BEGIN

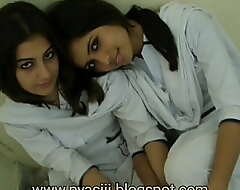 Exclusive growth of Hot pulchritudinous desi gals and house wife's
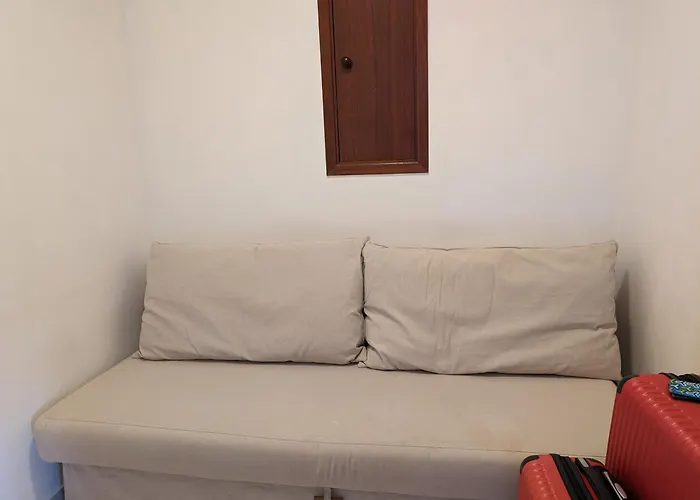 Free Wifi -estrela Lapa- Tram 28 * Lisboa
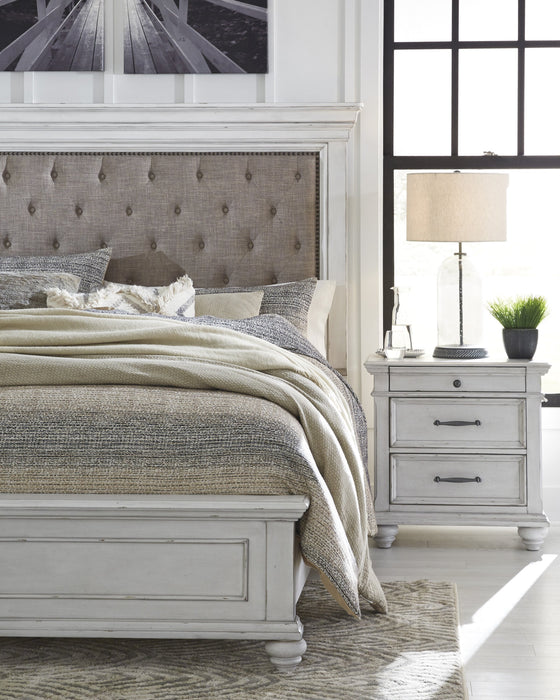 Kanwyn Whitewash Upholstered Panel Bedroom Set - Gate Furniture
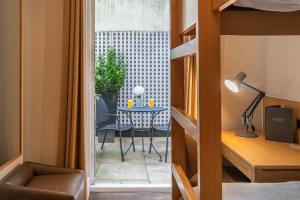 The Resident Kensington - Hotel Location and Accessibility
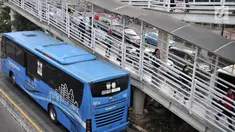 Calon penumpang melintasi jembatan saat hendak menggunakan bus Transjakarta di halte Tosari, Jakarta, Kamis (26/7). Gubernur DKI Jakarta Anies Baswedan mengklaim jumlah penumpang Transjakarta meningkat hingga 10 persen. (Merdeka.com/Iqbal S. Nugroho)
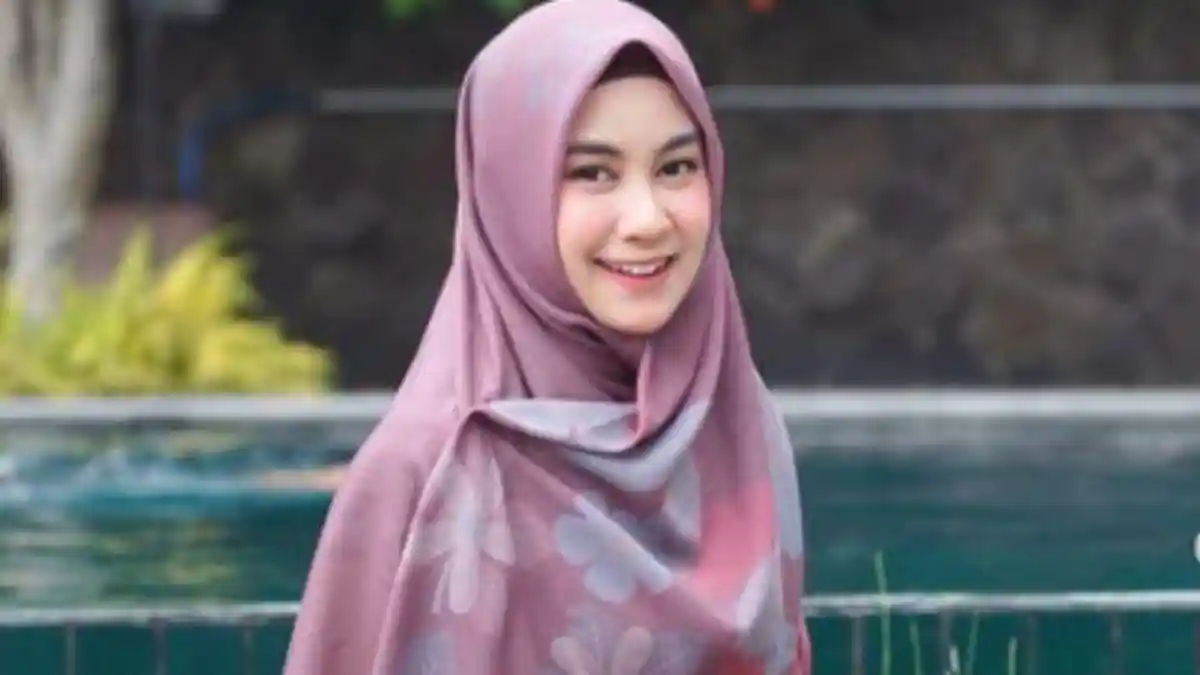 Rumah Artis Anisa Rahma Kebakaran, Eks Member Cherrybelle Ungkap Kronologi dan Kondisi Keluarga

END
BEGIN

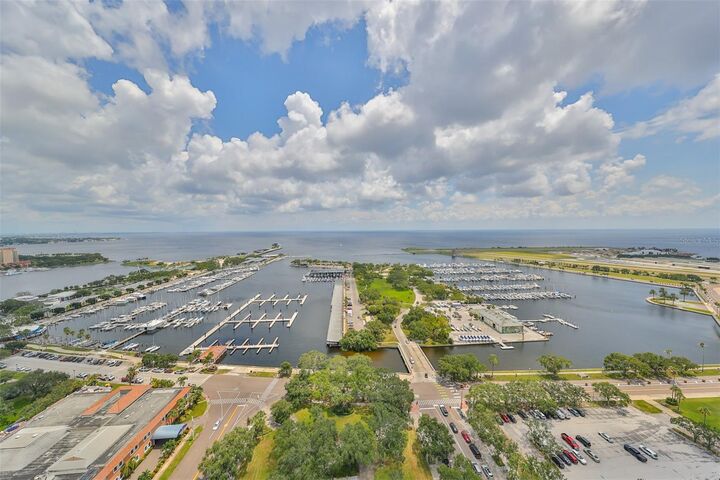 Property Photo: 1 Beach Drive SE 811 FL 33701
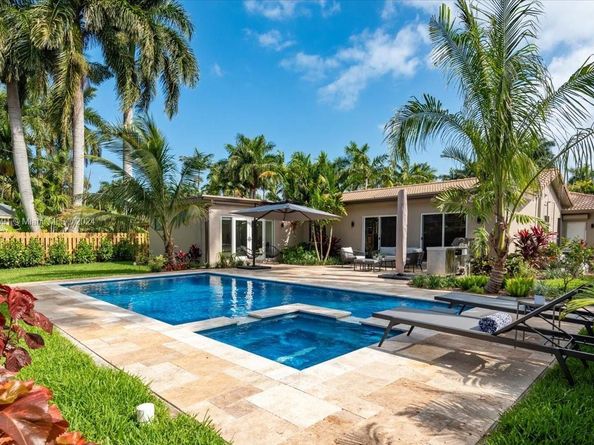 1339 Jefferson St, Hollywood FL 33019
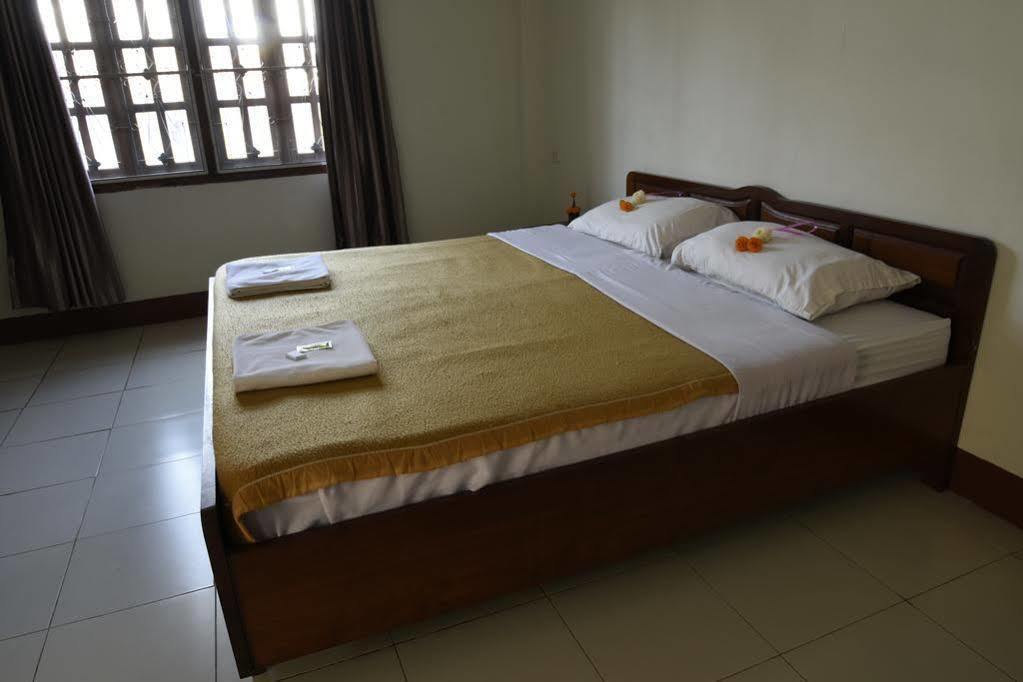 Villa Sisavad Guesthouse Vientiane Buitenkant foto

END

Above, find the line with "Exclusive growth of"; copy it and every line down to the line with "The Resident Kensington", exactly and both included, but no pictures.

 Exclusive growth of Hot pulchritudinous desi gals and house wife's
 Free Wifi -estrela Lapa- Tram 28 * Lisboa
 Kanwyn Whitewash Upholstered Panel Bedroom Set - Gate Furniture
 The Resident Kensington - Hotel Location and Accessibility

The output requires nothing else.